MihaiValentin / lunr-languages

A collection of languages stemmers and stopwords for Lunr Javascript library
Other
430 stars 163 forks source link

Error when using lunr.zh.js 'nodejieba.cut is not a function' #91

Open RogerBlasco opened 1 year ago

RogerBlasco commented 1 year ago

Error is: Uncaught TypeError: nodejieba.cut is not a function at lunr.zh.tokenizer (lunr.zh.js:98:1) at lunr.Builder.add (lunr.js:2479:1) at lunr.Builder. (xxx) at lunr (lunr.js:53:1) at XMLHttpRequest. (xxx)

The line in the lunr.zh.tokenizer is:

nodejieba.cut(str, true).forEach(function(seg) {
        tokens = tokens.concat(seg.split(' '))
      })

I'm afraid I'm not quite good enough at this time to dive in and resolve, but if someone could assist in reviewing or letting me know what exactly I would need to do to handle, I would much appreciate...

knubie commented 1 year ago

Are you trying to run this in a browser environment?
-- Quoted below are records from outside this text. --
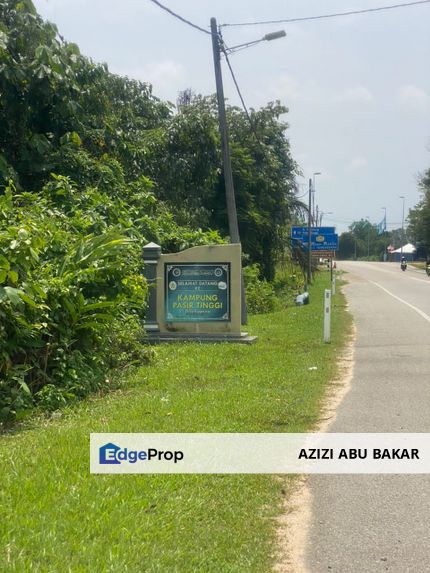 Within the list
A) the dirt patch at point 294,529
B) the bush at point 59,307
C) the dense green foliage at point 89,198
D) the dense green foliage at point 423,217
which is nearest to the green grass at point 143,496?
the dirt patch at point 294,529

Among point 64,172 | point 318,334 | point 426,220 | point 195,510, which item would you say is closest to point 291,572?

The zh tokenizer requires node to run, because it uses C++ addons (node jieba). I opened an issue (#90) where I talk about how you can use the built-in Intl.Segmenter instead to segment Chinese (and other) languages quite easily. Here is a fork where I switched the zh module to using Intl.Segmenter.

greylantern commented 10 months ago

@knubie this is awesome and solved the issue!